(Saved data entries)
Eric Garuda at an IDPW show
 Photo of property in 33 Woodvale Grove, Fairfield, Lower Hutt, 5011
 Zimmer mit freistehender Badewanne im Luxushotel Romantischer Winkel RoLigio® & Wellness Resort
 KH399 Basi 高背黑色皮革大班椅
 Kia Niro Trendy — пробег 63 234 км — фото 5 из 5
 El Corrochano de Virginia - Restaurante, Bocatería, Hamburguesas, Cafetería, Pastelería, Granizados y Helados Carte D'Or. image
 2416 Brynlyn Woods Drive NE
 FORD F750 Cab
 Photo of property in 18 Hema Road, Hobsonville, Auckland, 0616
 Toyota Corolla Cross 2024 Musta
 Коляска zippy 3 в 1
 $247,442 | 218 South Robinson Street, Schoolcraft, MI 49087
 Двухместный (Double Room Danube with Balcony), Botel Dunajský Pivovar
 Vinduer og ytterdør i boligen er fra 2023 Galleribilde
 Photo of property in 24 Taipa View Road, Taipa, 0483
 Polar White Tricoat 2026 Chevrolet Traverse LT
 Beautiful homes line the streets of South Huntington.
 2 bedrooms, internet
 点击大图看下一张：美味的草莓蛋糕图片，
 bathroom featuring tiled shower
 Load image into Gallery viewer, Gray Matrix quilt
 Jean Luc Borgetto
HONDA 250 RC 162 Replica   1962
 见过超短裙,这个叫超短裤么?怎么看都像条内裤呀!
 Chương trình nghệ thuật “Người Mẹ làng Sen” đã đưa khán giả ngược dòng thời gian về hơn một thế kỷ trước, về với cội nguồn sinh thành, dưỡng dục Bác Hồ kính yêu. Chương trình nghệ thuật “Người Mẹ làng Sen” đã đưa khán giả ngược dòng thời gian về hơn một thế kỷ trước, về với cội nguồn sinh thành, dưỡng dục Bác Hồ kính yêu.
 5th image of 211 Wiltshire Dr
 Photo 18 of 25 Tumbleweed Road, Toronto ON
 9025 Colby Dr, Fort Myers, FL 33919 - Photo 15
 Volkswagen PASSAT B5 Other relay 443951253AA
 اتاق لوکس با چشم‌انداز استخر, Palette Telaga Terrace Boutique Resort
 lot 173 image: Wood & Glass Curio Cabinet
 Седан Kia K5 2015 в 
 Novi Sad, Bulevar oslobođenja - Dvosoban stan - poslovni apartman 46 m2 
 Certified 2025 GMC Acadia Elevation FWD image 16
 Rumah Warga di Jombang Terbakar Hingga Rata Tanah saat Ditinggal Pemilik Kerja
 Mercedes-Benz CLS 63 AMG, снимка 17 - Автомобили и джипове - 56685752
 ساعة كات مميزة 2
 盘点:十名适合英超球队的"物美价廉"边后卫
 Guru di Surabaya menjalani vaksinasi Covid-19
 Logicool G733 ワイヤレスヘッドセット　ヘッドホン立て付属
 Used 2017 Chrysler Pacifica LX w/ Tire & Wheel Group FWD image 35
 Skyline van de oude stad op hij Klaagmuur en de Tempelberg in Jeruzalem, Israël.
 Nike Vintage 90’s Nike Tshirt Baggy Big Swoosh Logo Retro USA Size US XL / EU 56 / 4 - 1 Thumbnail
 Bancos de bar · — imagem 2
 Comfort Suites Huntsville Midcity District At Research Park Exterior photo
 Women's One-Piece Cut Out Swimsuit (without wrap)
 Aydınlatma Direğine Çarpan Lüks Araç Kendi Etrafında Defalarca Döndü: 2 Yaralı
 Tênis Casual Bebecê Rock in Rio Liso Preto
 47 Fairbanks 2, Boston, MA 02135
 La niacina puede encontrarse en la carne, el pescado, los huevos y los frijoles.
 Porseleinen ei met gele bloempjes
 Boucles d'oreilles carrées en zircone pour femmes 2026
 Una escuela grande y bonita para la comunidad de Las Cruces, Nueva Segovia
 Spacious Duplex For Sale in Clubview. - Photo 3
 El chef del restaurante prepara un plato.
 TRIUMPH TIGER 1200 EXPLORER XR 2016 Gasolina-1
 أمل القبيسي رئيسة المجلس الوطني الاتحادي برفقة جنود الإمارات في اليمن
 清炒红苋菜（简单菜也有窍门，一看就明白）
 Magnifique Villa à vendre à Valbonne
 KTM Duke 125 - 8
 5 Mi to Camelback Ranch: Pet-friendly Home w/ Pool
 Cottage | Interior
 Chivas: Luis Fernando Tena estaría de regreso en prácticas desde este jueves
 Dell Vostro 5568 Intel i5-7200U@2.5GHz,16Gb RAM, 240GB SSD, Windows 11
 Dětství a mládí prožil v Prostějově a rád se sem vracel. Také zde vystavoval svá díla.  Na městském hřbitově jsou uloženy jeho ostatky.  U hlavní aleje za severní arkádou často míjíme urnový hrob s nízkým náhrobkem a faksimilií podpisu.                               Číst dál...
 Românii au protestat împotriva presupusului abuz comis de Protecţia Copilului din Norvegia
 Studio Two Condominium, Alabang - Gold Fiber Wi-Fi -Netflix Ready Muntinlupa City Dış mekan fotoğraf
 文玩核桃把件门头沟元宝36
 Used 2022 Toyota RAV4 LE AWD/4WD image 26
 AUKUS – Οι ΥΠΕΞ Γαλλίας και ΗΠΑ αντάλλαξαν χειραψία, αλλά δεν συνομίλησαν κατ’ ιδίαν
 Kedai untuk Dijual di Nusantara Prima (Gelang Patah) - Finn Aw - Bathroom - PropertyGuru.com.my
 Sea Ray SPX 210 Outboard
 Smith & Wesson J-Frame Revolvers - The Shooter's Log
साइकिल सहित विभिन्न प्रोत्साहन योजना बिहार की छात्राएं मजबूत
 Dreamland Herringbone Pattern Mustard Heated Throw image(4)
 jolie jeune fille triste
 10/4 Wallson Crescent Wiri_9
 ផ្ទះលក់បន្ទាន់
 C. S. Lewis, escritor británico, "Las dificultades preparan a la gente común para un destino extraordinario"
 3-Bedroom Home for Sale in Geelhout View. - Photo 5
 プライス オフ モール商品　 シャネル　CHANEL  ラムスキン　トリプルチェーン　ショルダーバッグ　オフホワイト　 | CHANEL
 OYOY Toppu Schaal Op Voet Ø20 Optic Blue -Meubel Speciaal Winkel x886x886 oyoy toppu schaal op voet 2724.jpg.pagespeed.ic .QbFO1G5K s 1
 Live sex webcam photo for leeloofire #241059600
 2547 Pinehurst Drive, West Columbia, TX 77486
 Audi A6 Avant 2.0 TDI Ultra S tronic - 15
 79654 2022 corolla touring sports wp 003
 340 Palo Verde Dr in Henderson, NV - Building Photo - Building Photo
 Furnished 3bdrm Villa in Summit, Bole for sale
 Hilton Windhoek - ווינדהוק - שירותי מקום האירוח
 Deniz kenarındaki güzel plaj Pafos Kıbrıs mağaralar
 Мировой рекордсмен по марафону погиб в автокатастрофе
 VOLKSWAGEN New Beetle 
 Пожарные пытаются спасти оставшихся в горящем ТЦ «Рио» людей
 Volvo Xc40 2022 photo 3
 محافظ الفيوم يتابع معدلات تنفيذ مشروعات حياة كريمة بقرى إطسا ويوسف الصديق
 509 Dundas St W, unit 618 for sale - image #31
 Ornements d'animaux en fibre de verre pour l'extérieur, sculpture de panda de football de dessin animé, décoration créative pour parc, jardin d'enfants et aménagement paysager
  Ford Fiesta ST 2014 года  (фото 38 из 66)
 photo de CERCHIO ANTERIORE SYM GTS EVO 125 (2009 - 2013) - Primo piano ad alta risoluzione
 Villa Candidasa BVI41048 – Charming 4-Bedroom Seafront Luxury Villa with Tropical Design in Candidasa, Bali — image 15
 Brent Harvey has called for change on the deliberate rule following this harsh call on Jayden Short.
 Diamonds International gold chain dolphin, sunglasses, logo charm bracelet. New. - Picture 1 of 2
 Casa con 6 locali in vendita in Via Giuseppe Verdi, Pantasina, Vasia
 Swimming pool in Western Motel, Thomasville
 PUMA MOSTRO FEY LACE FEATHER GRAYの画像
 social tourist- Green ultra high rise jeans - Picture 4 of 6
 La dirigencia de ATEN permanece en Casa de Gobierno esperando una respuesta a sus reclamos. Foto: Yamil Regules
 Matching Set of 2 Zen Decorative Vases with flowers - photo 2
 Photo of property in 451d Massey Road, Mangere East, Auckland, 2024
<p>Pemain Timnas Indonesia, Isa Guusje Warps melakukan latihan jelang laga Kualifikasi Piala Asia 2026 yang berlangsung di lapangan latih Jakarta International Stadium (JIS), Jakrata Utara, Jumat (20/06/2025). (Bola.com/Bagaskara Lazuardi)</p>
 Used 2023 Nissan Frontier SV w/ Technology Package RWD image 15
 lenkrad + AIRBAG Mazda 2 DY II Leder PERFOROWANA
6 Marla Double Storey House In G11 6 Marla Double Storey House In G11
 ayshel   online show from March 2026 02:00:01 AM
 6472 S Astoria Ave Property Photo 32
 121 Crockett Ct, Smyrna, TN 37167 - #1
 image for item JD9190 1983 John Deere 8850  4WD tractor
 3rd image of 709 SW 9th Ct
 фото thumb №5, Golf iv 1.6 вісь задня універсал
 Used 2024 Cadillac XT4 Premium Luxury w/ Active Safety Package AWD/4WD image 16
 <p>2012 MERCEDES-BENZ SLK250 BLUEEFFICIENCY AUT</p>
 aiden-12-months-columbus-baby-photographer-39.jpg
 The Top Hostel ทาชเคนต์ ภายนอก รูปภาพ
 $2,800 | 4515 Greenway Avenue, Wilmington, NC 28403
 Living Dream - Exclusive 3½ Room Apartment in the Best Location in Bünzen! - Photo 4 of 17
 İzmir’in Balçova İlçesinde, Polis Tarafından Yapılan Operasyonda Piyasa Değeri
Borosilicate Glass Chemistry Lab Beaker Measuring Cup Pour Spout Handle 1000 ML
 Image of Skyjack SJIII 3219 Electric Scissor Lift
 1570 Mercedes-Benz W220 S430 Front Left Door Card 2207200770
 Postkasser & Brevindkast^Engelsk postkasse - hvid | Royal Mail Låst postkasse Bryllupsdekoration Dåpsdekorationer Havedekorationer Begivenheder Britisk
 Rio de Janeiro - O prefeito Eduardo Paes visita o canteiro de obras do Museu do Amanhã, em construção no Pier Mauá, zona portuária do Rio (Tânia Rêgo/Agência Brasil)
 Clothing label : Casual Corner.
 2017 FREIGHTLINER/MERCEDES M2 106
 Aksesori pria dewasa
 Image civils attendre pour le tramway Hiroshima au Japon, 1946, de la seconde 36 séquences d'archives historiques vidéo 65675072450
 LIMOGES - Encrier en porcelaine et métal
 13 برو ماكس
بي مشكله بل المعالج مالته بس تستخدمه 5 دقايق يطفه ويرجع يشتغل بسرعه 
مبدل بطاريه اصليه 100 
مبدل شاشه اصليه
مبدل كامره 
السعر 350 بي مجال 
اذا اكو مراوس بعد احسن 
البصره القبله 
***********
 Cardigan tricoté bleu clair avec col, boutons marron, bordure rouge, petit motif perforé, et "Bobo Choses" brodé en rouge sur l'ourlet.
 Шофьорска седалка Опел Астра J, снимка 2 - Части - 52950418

:: About this task ::
Copy word for word the stretch of entries above from the line that has "Load image into" through the line that has "见过超短裙,这个叫超短裤么?怎么看都像条内裤呀!", both ends included, and nothing outside it.

:: Result of this exercise ::
 Load image into Gallery viewer, Gray Matrix quilt
 Jean Luc Borgetto
HONDA 250 RC 162 Replica   1962
 见过超短裙,这个叫超短裤么?怎么看都像条内裤呀!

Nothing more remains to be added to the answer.